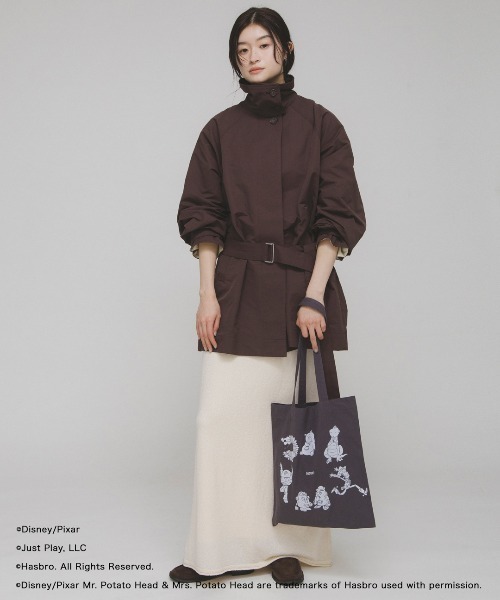 KBF(ケイビーエフ)の「TOYSTORY/トートバッグ(トートバッグ・レディース・チャコールグレー/アイボリー・ONE)」の13枚目の写真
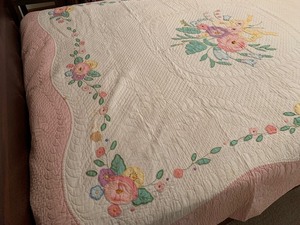 lot 9 image: Vintage Hand-Sewn Quilt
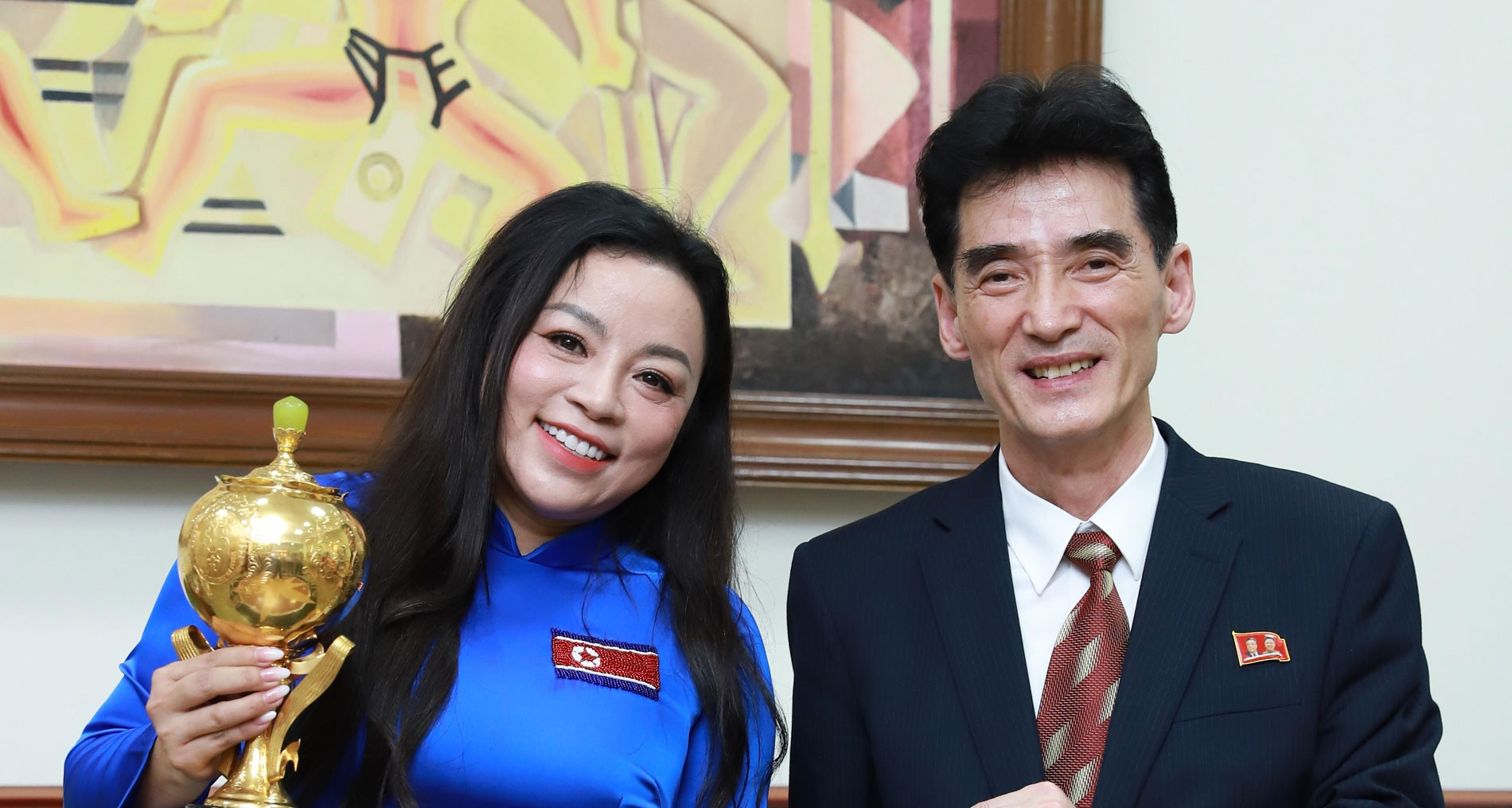 NSƯT Tố Nga được vinh danh đặc biệt, rất ít nghệ sĩ Việt Nam đạt được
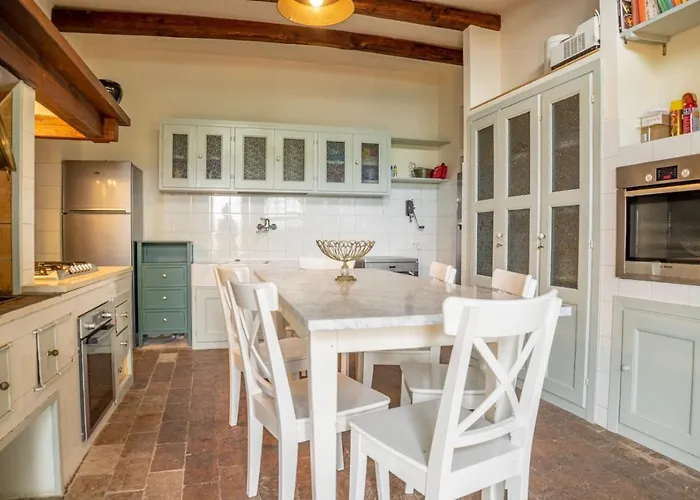 Podere Bargnano Cetona, Sleeps 12, Pool, Wifi, Air Conditioning Cetona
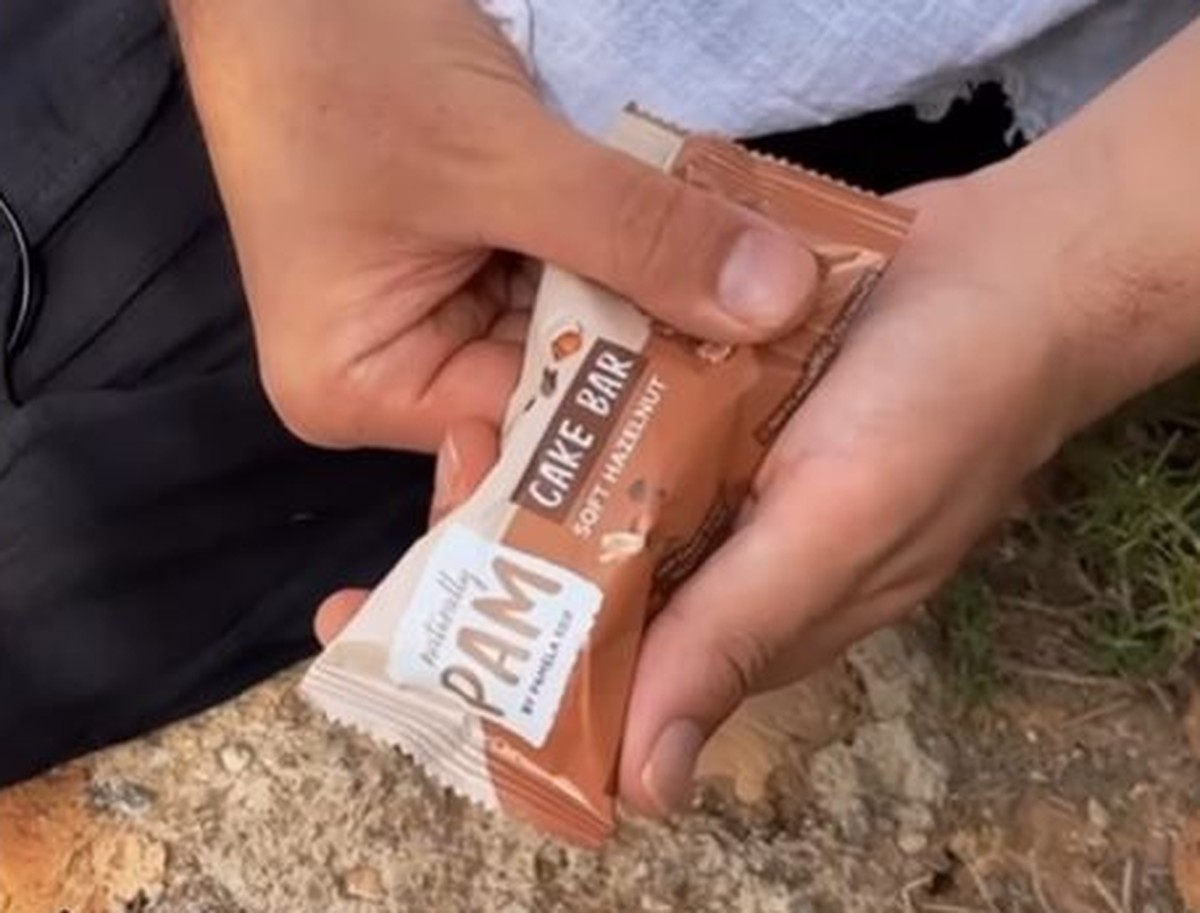 In Pamela Reifs Instagram-Story ist die viel zu große Riegelverpackung zu sehen.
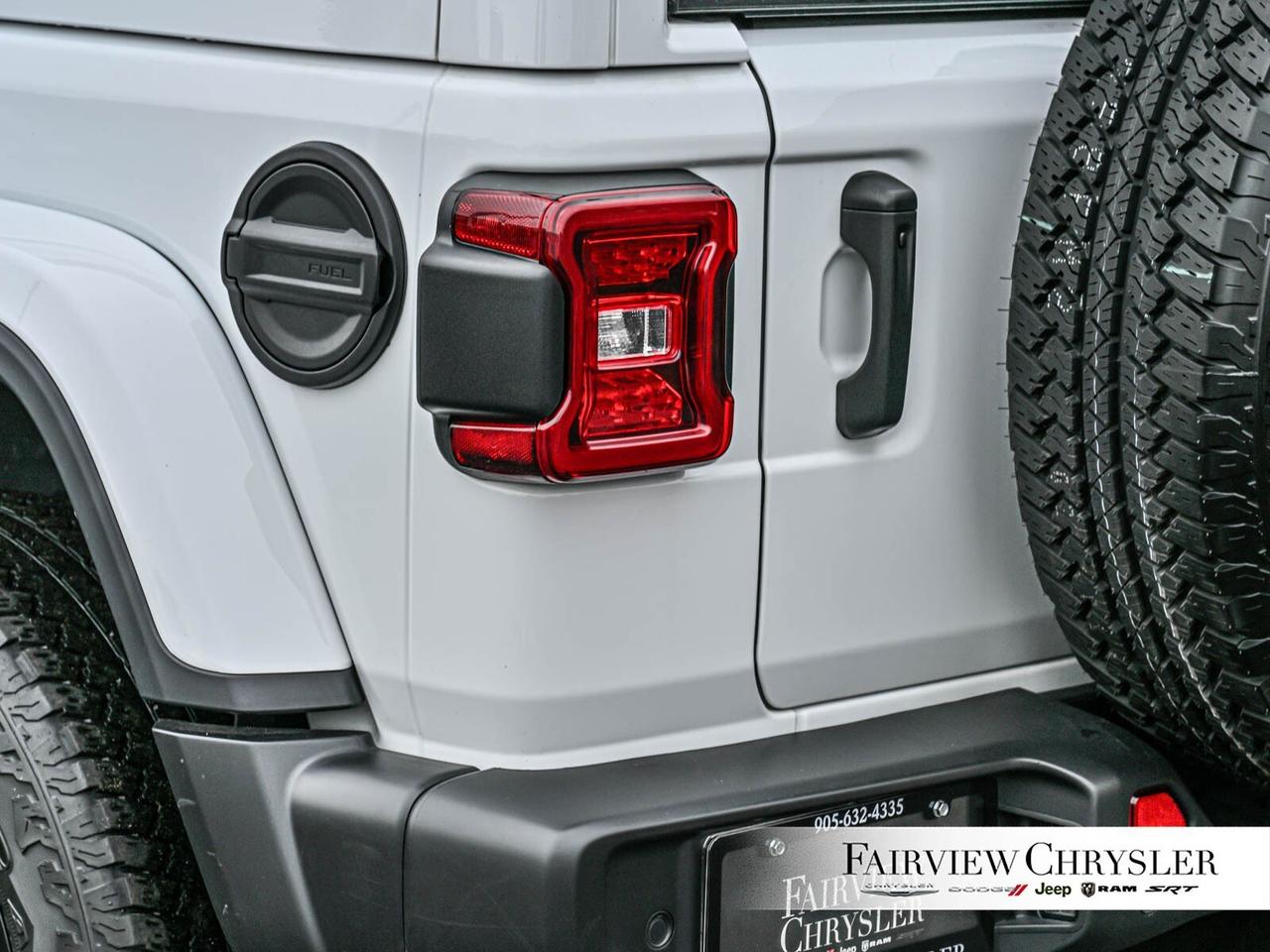 2023 Jeep Wrangler Sahara HEATED SEATS   LEATHER   BLIND SPOT   SAFET Photo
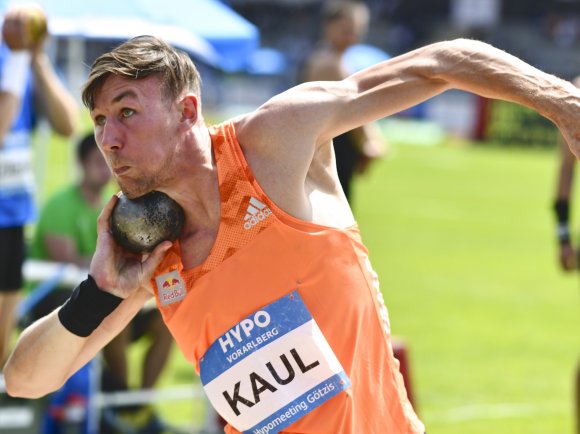 Mit der Kugel am Hals und einem Diskus in der Hand wird Niklas Kaul am Samstag in Heidesheim zu sehen sein.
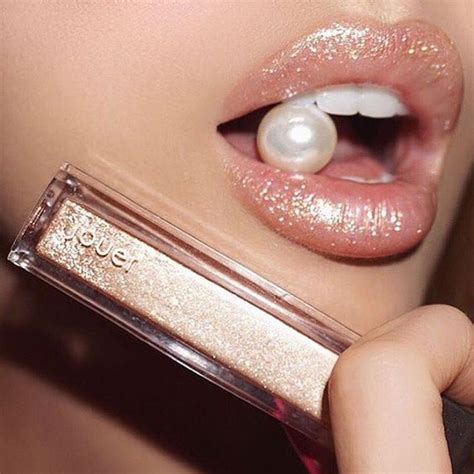 The Best Nude Lip Products For Every Skin Tone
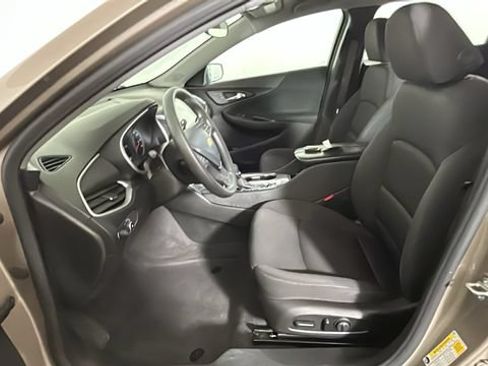 Used 2023 Chevrolet Malibu LT FWD image 11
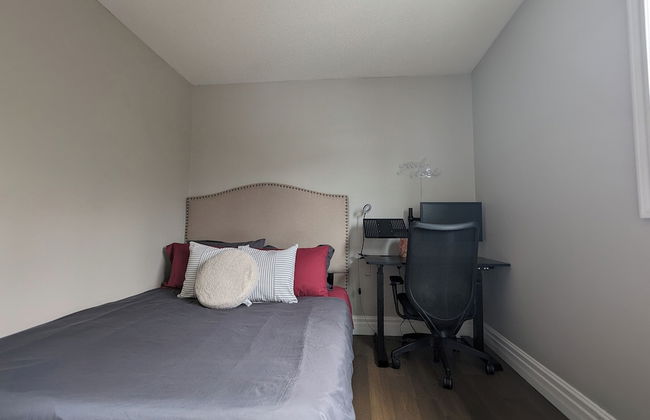 Mississauga Manor - Meadowvale - Foto 29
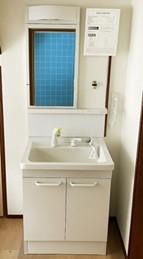 洗面設備　新品洗面台。鏡面扉で収納を隠せます。※蛇口は冷水のみ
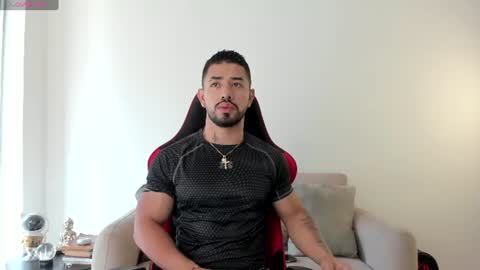 Snapshot of ezzio_scolaro chatting on June 2026 08:20:02 PM Ezzio Scolaro online show from June 2026 08:20:02 PM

──────────────────────────────

Assignment - Copy out exactly the material that runs from the line with "NSƯT Tố Nga" to the line with "The Best Nude", ends included, and leave the pictures behind.

Solved problem -
 NSƯT Tố Nga được vinh danh đặc biệt, rất ít nghệ sĩ Việt Nam đạt được
 Podere Bargnano Cetona, Sleeps 12, Pool, Wifi, Air Conditioning Cetona
 In Pamela Reifs Instagram-Story ist die viel zu große Riegelverpackung zu sehen.
 2023 Jeep Wrangler Sahara HEATED SEATS   LEATHER   BLIND SPOT   SAFET Photo
 Mit der Kugel am Hals und einem Diskus in der Hand wird Niklas Kaul am Samstag in Heidesheim zu sehen sein.
 The Best Nude Lip Products For Every Skin Tone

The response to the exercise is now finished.